Aer Rianta has already been criticised by the DPC for requesting PPSN’s from taxi drivers at Dublin Airport, in breach of social welfare legislation. The commission will also deal with a series of complaints from individuals about invasion of privacy in his annual report.

They include a complaint from an individual that gardaí logged personal details on their Pulse computer system that were not relevant to any police operation. The DPC spokesman said the main problem arose when the individual complained to the DPC that the gardaí had erased the detail in question from their computer when he asked for a printout. The gardaí were warned by the DPC not to do this again and to accede to requests for information.

Another complaint involved a bank which recorded a customer’s phone call without informing him in advance. The bank was reprimanded by the DPC and promised to restrict the number of recorded transactions in the future as well as informing customers of the practice.

The organisers of Dublin Women’s Mini Marathon were warned against supplying photographic agencies with names of participants without informing them in advance and motor insurance companies were told not to ask potential customers their marital status because it had no bearing on premia.

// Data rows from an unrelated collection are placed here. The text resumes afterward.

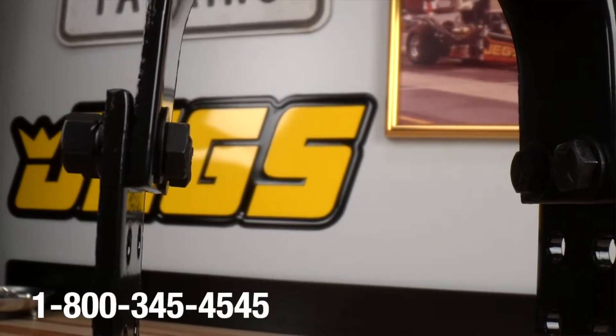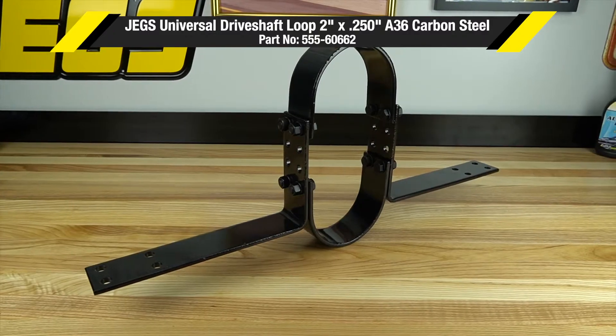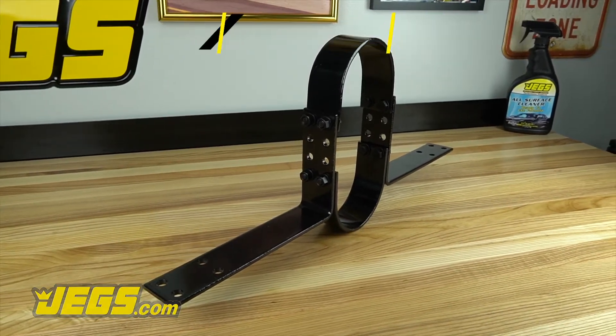Log on to JEGS.com today, the most trusted name in automotive performance. One call gets it all, one click gets it quick. JEGS!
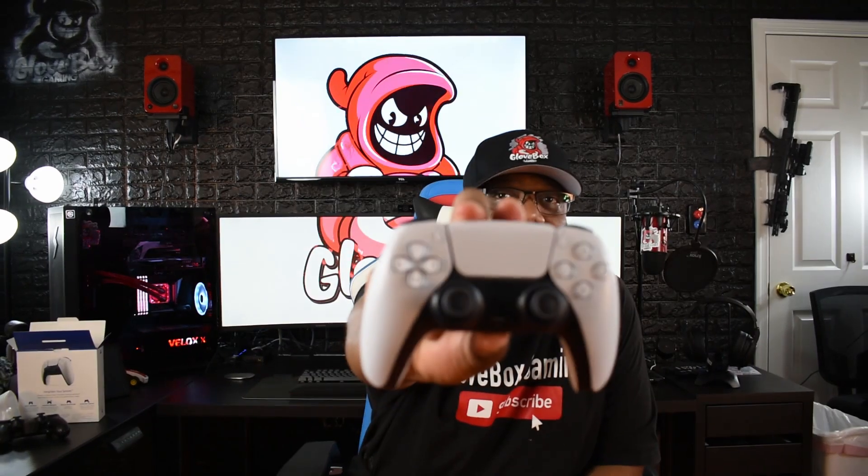All right, here we go — the DualSense controller, guys, take a look at it. It's pretty cool looking. It has a little bit of a grip on the back, not much. The top feels like straight-up plastic — good plastic though, hard plastic, feels good. The buttons are clicky, they don't seem cheap, they seem pretty good. The sticks feel basically like DualShock sticks. Let me compare it to the DualShock.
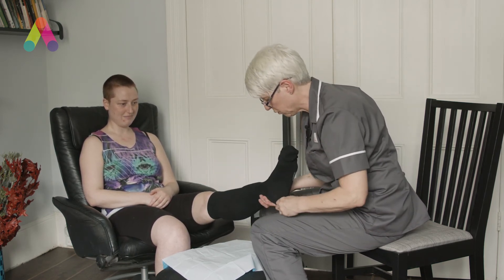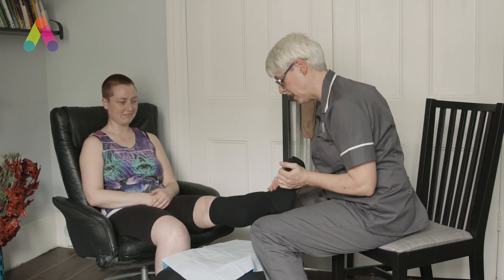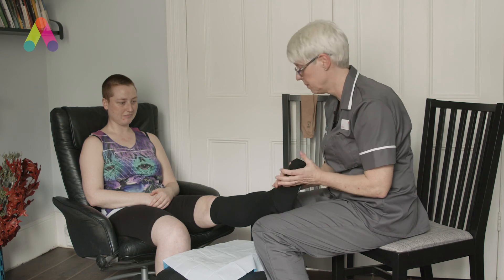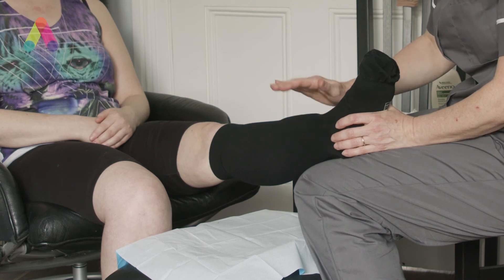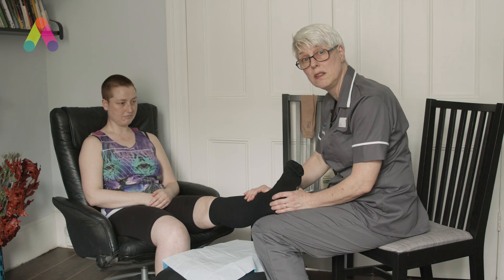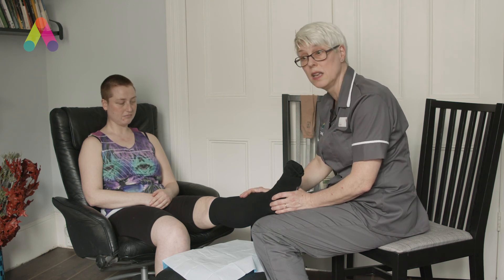Faith actually has quite short feet, so these are quite long in the toes, but at least they won't be digging in at the toes. This is light compression — we can use it now when you haven't done an ABPI, and this is safe to use for a few weeks. If the wound is progressing and healing then that's excellent; if not, then we need to have a full lower limb assessment in the next couple of weeks.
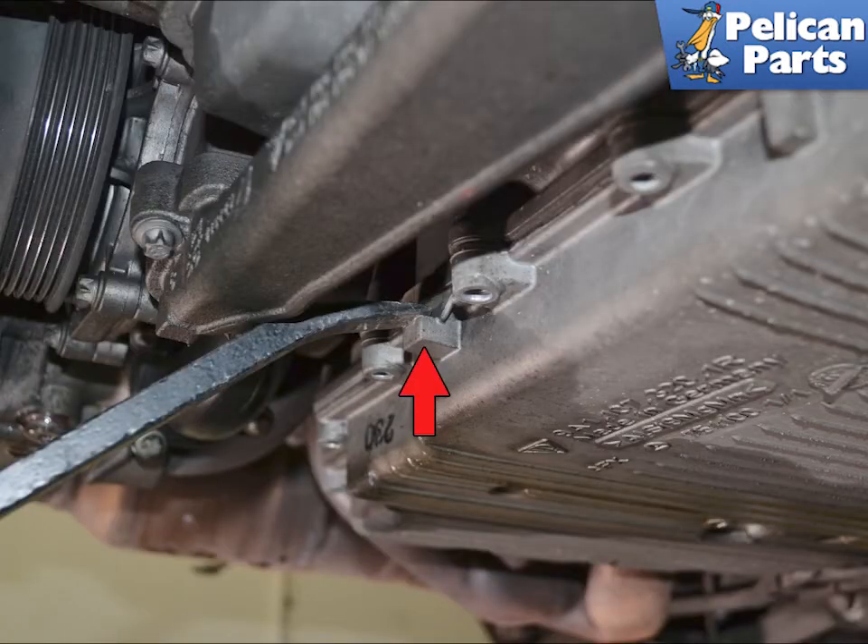There are several places on the pan where there are tabs or ears to help you pry the pan away from the engine. Never pry anywhere else and never between the mating surfaces of the pan and the block. If the pan does not come easily away, you have missed a screw.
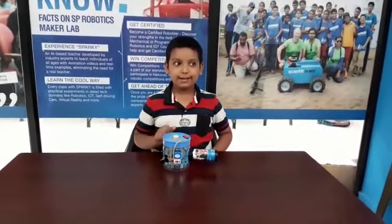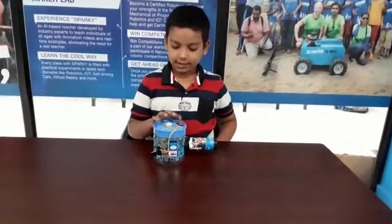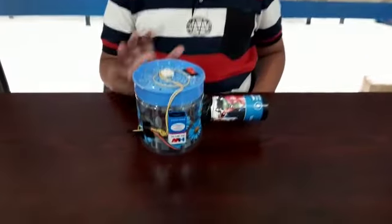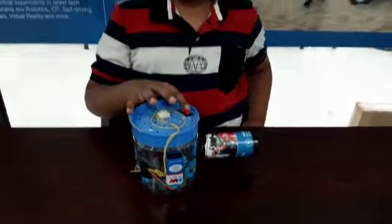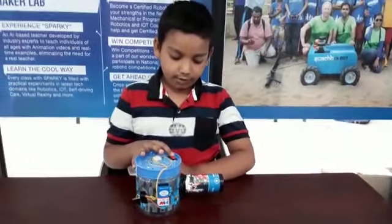My project name is Aircooler. The things used are a motor, fan, switch, and some wires. Now let's see how it works.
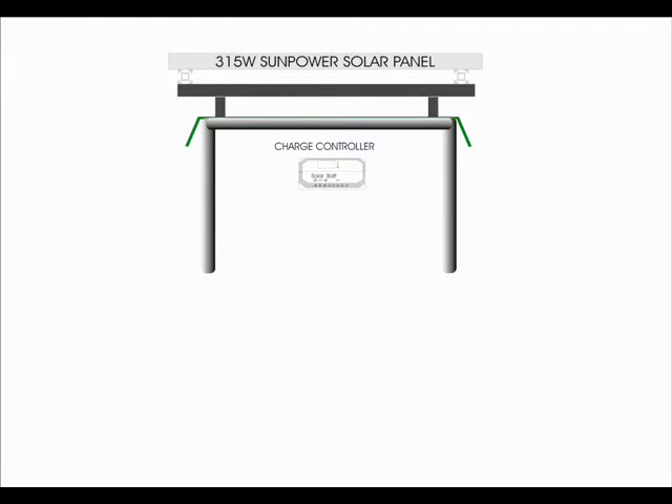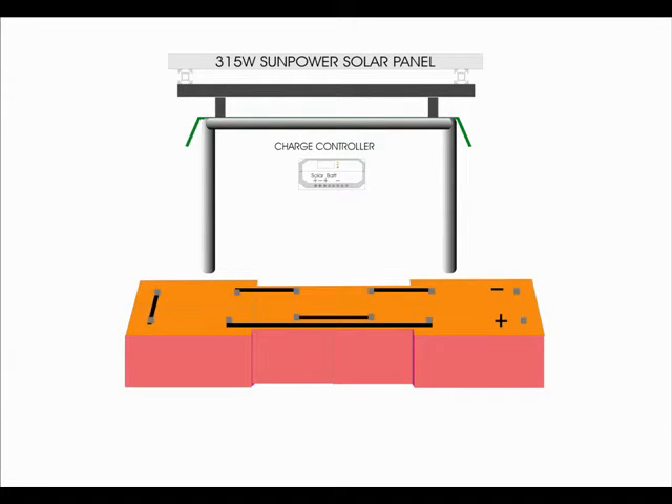Once this is done, proceed to install the charge controller in the middle of the dashboard. In this drawing, not to scale, you can see how the connections are to be made. Do the wiring in the shade to prevent the panel from producing any power. We will start by connecting the battery to the charge controller output. It is important to hook positive to positive and negative to negative. Otherwise, you may ruin the charge controller.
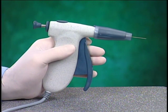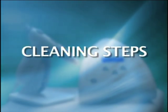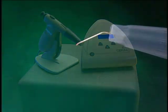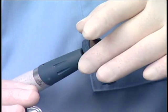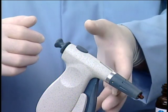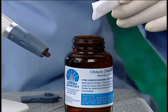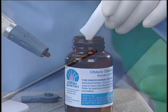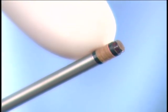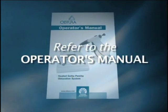The Obtura handpiece should be cleaned daily to prevent buildup of excess gutta percha within the heating chamber. While the unit is still at operating temperature, express all gutta percha and, using the multi-tool, remove the needle nut. Place the handpiece in the handpiece base, depress the plunger release, and remove the plunger shaft. Now turn the unit off. Using the Obtura cleaning solution and a gauze sponge or tissue, remove any gutta percha from the plunger seal and shaft. Inspect the plunger seal for tearing or cracking and if damaged, replace it. Please refer to the operator's manual for this operation.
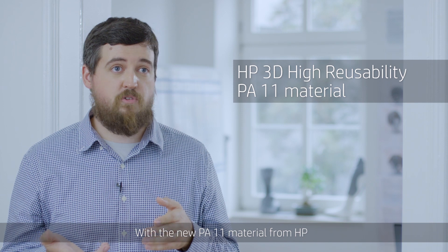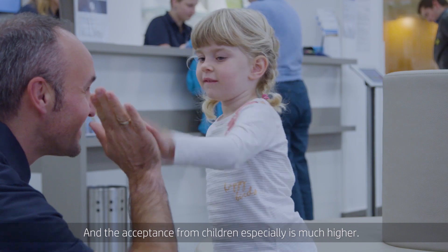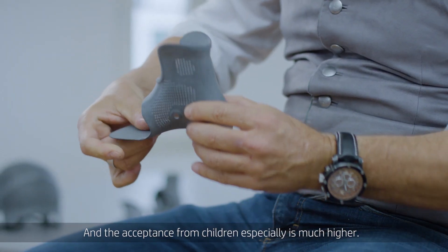With the new PI-11 material from HP, we can get a fantastic flexibility into our products, and the acceptance from children especially is much higher.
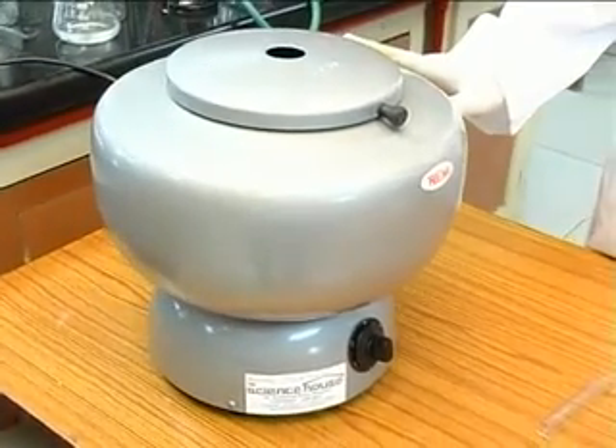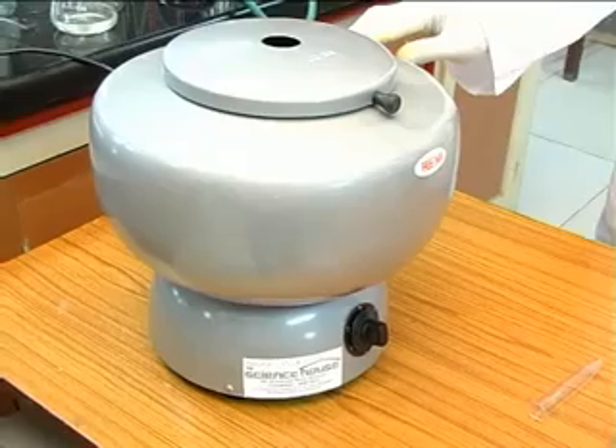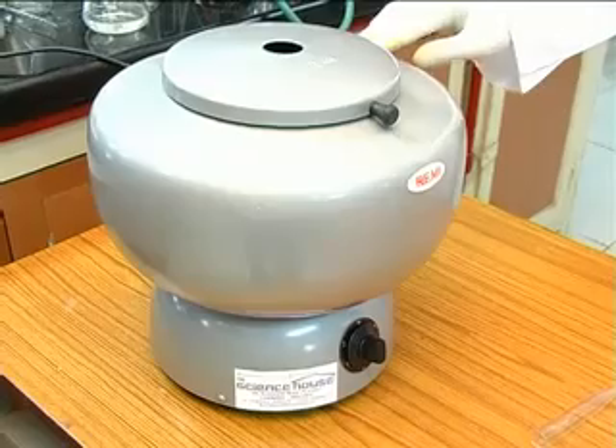A laboratory centrifuge used to separate solids from a liquid mixture is shown here. It is about 1 foot high and about 1.5 feet in diameter at the top.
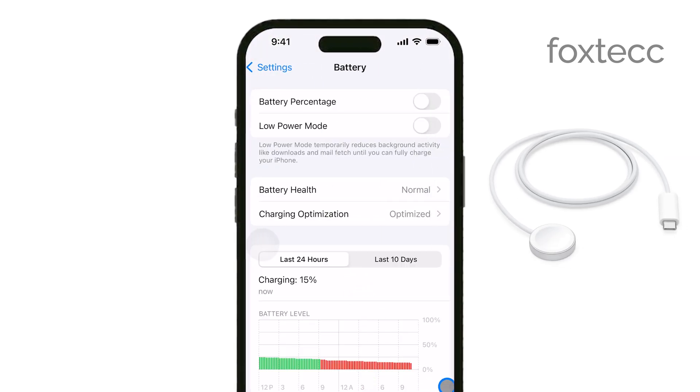The iPhone, on the other hand, requires a higher power output than what the Apple Watch charger can provide, which is one of the main reasons it isn't compatible.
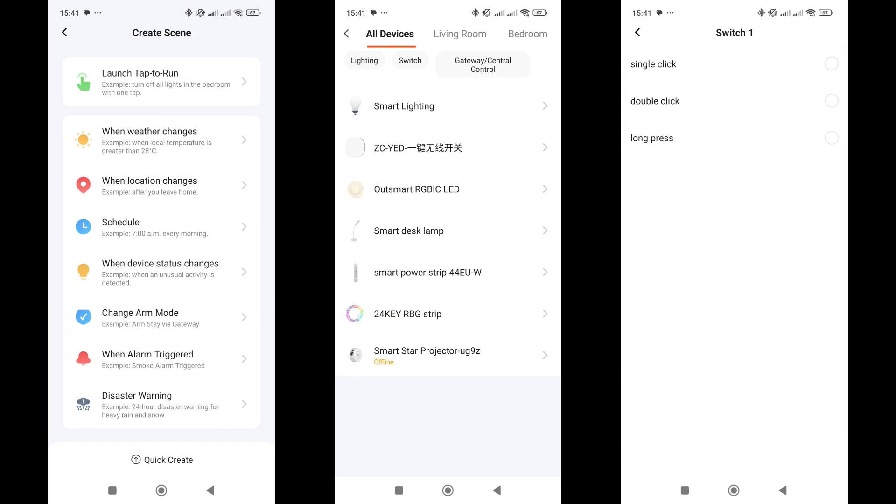In the Automation menu, the same options are available as in the plugin itself. The button can be used in the If section to create three types of events: Single Press, Double Press, and Press and Hold.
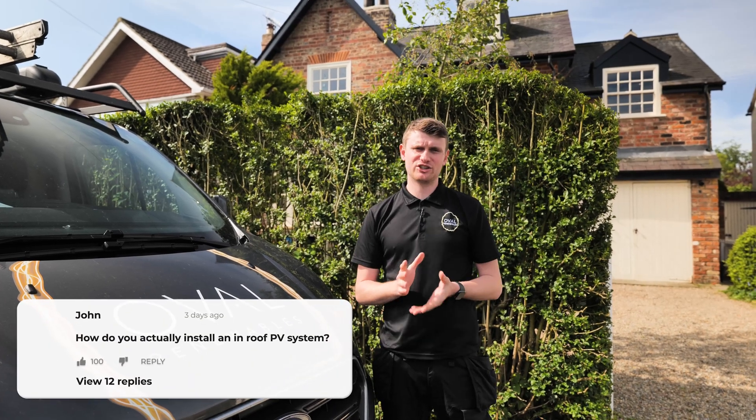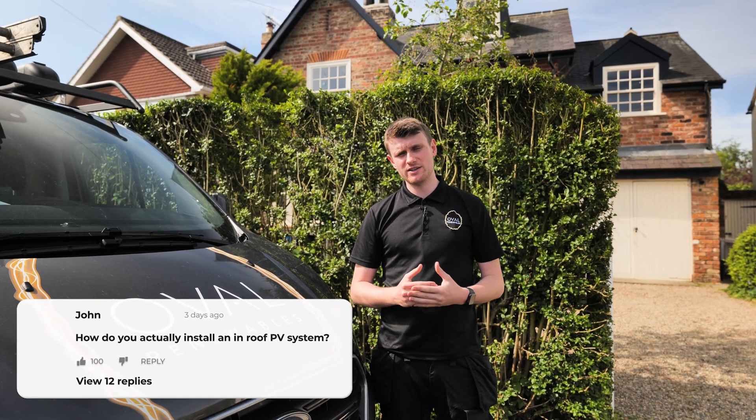Let's have a chat about how we actually install an in-roof solar PV system. We get loads of questions about this, so now will be a perfect time to address it and try and clear a few things up.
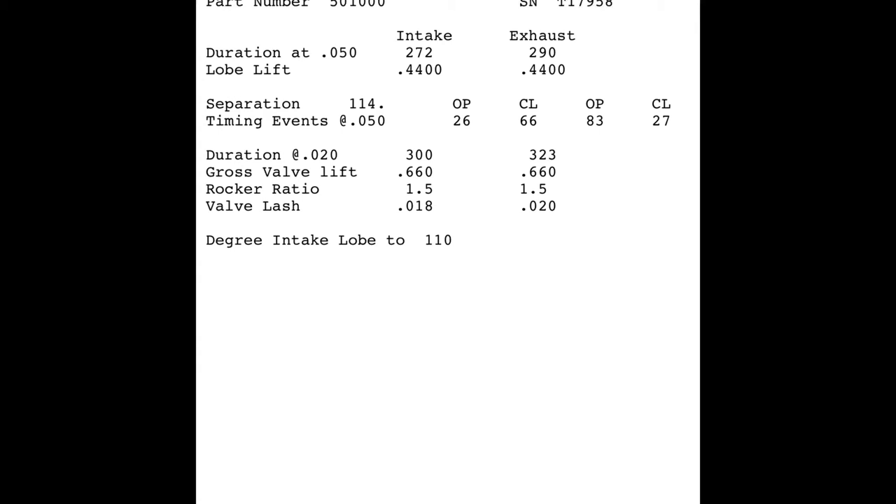That cam also had a wide lobe separation angle for nitrous and had 15 degrees more duration ground on the exhaust side, with the exhaust valve coming in earlier and staying open later to scavenge that nitrous effect — which made a whole lot of power on nitrous but actually hurt naturally aspirated power. So it's all about your application.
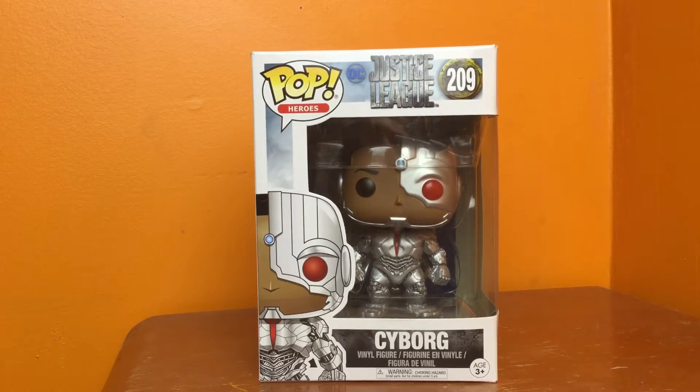Hey, what is up guys? Corsundrax here. Welcome back to another video. In this episode, I'm going to be reviewing the Justice League Cyborg Funko Pop.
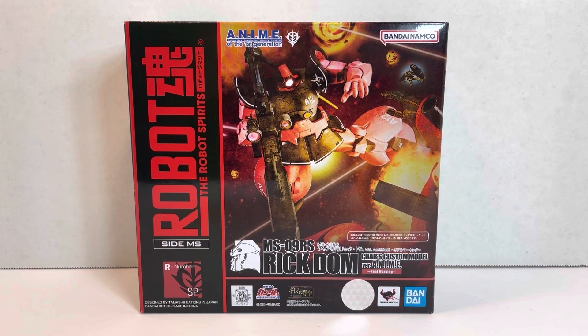Welcome to another episode of UCRD Reviews. You might be thinking to yourself, we've already seen this figure, why are you reviewing it again? And we have seen it, but not this version. This is the MS-09RS Ricdom Char's Custom Model Version Anime Real Marking. So this is the same figure as the Char's Ricdom we saw before, but the Real Marking version this time. It was released for Tamashin Nation's Tokyo 2022 and was an online exclusive sold through a lottery system, so immediately upon release it was very expensive to people overseas.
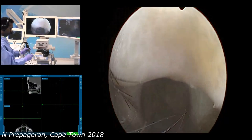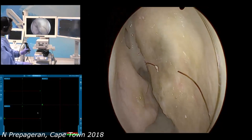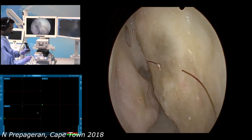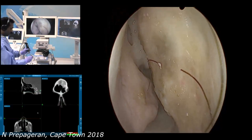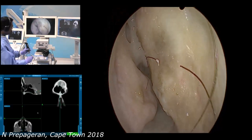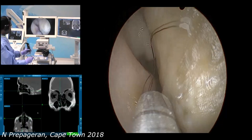Again, just to repeat: anchor the scope right at the tip of the nose so that it's held steady. Because the nose is quite compliant, that will give you a large space. And then for the suction or any other instrument, always withdraw your scope and follow the instrument inside.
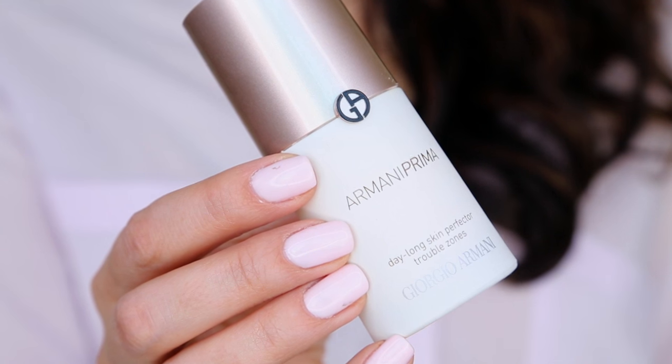I'm first going to prime my face with the Armani Prima primer. I'm going to take half a pump because you really only need an itty bitty bit, and I'm going to dab it on with my fingers just around the nose, top of the lip, press it in between my eyebrows where I get super oily, and then dab this on my eyelids as well.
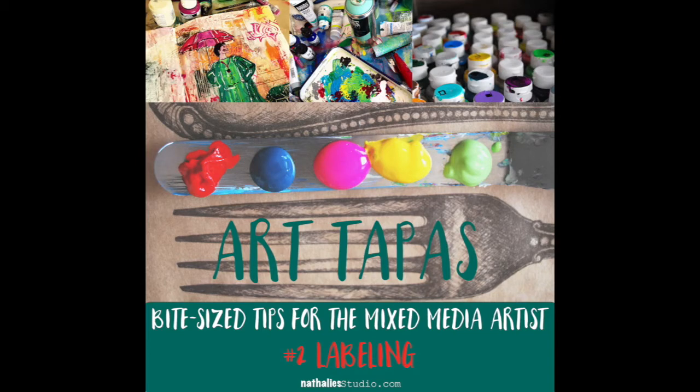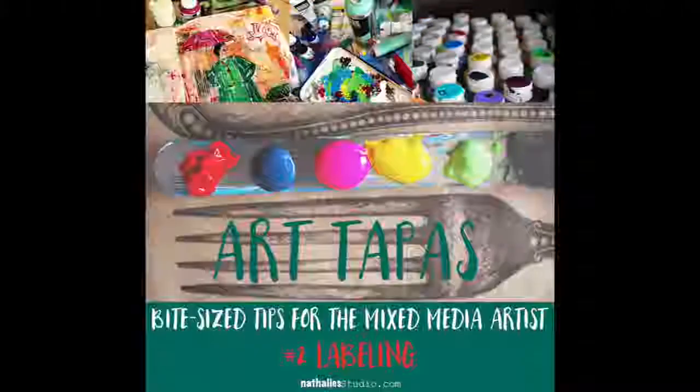Hi and welcome to Art Tupper's Bite Size Tips for the Mixed Media Artist by Natalie Callback. Today I want to talk about labeling of acrylic paints. Artists acrylic paints come in different opacities — meaning they can be opaque, they can be translucent, or they can be transparent.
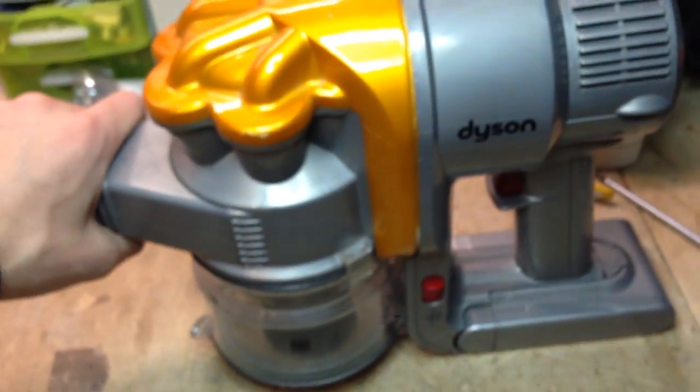It will end up at around 50 euros total because a replacement battery costs around 30 euros. So it's about 50 euros for a Dyson with a brand new battery. Yeah, I'll take it.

The Department of Defence was taken to task for supplying the Department of Social and Family Affairs with a full list of army personnel to receive compensation under army deafness claims.

The department should only have supplied the names of those in receipt of social welfare benefits, whose compensation awards would be taken into account by social welfare in determining entitlements.

The DPC described it as “excessive sharing of information”, which could lead to a big brother situation of departments sharing information under their own rules.

An individual politician and a political party were reprimanded for direct marketing through automated dialling to voters’ homes and the Department of Health was told to issue new guidelines to health boards after a director of public health tried to get information on an infectious disease (TB) from a pharmacist, rather than the legally acceptable method of obtaining details from a GP.